Items from a data source:
==================================================

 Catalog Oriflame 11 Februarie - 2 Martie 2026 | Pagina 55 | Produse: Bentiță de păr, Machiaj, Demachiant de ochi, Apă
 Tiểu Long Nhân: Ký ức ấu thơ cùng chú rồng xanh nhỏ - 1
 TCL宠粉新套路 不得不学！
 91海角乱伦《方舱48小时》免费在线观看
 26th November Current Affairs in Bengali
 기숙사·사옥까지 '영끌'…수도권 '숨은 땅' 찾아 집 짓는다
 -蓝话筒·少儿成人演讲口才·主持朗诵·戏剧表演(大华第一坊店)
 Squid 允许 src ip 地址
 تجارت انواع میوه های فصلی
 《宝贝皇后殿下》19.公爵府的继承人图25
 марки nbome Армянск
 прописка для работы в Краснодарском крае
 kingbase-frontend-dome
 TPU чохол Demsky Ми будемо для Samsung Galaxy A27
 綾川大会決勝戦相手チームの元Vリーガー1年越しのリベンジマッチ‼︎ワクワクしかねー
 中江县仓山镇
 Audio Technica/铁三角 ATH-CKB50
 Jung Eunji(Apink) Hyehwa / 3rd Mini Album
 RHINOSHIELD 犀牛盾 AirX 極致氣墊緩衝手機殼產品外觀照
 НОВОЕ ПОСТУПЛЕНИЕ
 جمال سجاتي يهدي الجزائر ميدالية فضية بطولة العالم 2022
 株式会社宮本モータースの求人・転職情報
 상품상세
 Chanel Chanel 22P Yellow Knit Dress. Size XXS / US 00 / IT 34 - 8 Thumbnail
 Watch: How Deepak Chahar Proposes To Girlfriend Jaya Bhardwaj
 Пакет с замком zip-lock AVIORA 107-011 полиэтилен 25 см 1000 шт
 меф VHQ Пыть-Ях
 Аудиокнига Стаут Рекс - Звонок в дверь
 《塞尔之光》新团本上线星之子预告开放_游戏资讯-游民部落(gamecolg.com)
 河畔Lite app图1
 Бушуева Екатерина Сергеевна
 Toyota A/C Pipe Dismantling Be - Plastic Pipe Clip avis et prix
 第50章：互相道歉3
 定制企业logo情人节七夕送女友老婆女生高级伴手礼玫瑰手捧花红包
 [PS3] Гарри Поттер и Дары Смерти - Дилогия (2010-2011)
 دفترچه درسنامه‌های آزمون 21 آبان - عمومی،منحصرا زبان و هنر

==================================================

Work to be completed - The lines to output run from the one containing "Бушуева Екатерина Сергеевна" through the last line of the records above; repeat them exactly and nothing more.

Task response -
 Бушуева Екатерина Сергеевна
 Toyota A/C Pipe Dismantling Be - Plastic Pipe Clip avis et prix
 第50章：互相道歉3
 定制企业logo情人节七夕送女友老婆女生高级伴手礼玫瑰手捧花红包
 [PS3] Гарри Поттер и Дары Смерти - Дилогия (2010-2011)
 دفترچه درسنامه‌های آزمون 21 آبان - عمومی،منحصرا زبان و هنر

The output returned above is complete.